Je commencerai par répondre à la question qui m'a été précédemment posée sur le déploiement des Russes en Géorgie. Les Russes occupent actuellement trois districts qui n'ont rien à voir avec les républiques autonomes d'Abkhazie et d'Ossétie du Sud : Akhalgori, Perevi, qui appartient à la Géorgie proprement dite, et la haute vallée de Kodori, ou haute Abkhazie. L'ensemble de la population déplacée – les Géorgiens comme les Ossètes – est désormais réfugié de notre côté de la ligne d'occupation, dans des villages construits par le gouvernement après la guerre. Les forces d'occupation sont composées à 100 % de troupes régulières russes, à quoi s'ajoutent plus d'un millier de gardes frontières du FSB – l'ancien KGB –, la marine russe qui mouille régulièrement à Soukhoumi et dans les ports d'Abkhazie et cinq bases militaires dont les Russes viennent d'achever la construction.

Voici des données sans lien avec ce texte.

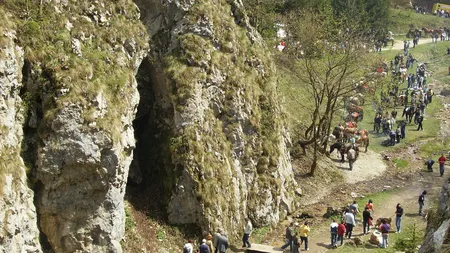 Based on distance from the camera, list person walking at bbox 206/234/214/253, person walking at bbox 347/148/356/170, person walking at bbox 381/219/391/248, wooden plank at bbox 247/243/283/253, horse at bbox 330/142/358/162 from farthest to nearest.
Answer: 1. horse at bbox 330/142/358/162
2. person walking at bbox 347/148/356/170
3. person walking at bbox 381/219/391/248
4. wooden plank at bbox 247/243/283/253
5. person walking at bbox 206/234/214/253

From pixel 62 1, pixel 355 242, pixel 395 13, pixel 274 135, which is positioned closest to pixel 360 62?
pixel 274 135

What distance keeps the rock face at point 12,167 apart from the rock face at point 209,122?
8.69m

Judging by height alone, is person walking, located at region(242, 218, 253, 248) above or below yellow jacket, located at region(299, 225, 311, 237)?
below

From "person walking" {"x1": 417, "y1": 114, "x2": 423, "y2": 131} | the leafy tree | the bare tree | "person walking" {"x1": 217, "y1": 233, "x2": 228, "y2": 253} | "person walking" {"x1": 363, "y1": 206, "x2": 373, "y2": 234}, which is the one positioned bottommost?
"person walking" {"x1": 217, "y1": 233, "x2": 228, "y2": 253}

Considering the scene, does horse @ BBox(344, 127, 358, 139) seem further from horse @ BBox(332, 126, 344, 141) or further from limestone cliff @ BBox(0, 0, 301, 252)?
limestone cliff @ BBox(0, 0, 301, 252)

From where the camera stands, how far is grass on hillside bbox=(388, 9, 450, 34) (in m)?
87.6

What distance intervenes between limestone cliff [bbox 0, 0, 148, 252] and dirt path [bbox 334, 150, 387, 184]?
21.3m

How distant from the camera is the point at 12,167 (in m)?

Pour ce qui est de la position des citoyens et des ONG géorgiens à propos l'Union européenne et du sentiment que l'Occident aurait abandonné la Géorgie, je n'entrerai pas dans les détails : je crois savoir ce que pense la majorité des Géorgiens – je peux certes me tromper, mais c'est la démocratie. Je crois, pour ma part, que l'Occident a fait le maximum pour arrêter l'agression russe. Je doute qu'on aurait pu faire plus pendant la guerre – mais on aurait certainement pu faire plus avant. Depuis mon retour au ministère des affaires étrangères en février 2008, 99 % de mon temps était consacré à tenter de persuader mes homologues et amis occidentaux que la guerre allait venir, mais personne n'a voulu entendre ou croire que la Russie voulait et pouvait se livrer à des opérations du type de celles de la Deuxième Guerre mondiale contre l'un de ses voisins.
Il se peut qu'une partie de la population géorgienne éprouve de la frustration – c'est la démocratie –, mais nous luttons contre ce sentiment et je crois que nous parvenons à convaincre la population que nos alliés ne nous ont pas abandonnés et sont venus à notre secours.
Quant à l'État de droit, nous y travaillons. Aucun membre du Parlement ou du gouvernement géorgien ne vous dira que nous sommes parvenus au but. Nous en sommes encore loin, mais je ne cherche pas à m'en justifier. Nous avons toutefois réalisé d'immenses progrès, compte tenu du fait que nous avons hérité de la société, du système judiciaire, du code pénal et du code de procédure pénale soviétiques, sans la moindre culture politique ni capacité de dialogue. Comme je vous l'ai dit, nous construisons une société démocratique et il nous faut encore réussir à survivre physiquement. Nous sommes, je le redis, comme une usine où la modernisation serait en cours, mais qui devrait dans le même temps continuer à produire.
Nos résultats ne sont aussi spectaculaires que nous le souhaiterions, mais nous avons réalisé une quantité incroyable de choses depuis 2003 – car le temps écoulé entre 1999 et 2003 a malheureusement été perdu. Comme celles de l'Azerbaïdjan et de l'Arménie, la société géorgienne a abordé l'indépendance avec beaucoup d'illusions. On peut le comprendre, car nous étions restés enfermés pendant 70 ans, sans informations, derrière des murs et des barbelés.
Nous savons ce que nous voulons et de quelle sorte d'assistance nous avons besoin de votre part en matière de législation et de système judiciaire. Nous savons aussi que la seule chose qui nous manque est le temps. Nous devons agir vite, et nous nous y employons. Je ne peux pas vous promettre que des résultats spectaculaires se produiront en un claquement de doigts, mais je puis vous promettre que nous nous y emploierons sincèrement.
Monsieur le Ministre, je vous remercie d'avoir répondu très franchement et directement à nos questions. Nous suivrons avec intérêt les discussions qui auront lieu dans les mois prochains à Genève sur l'évolution de la situation avec la Russie.
La séance est levée à dix-sept heures vingt-cinq.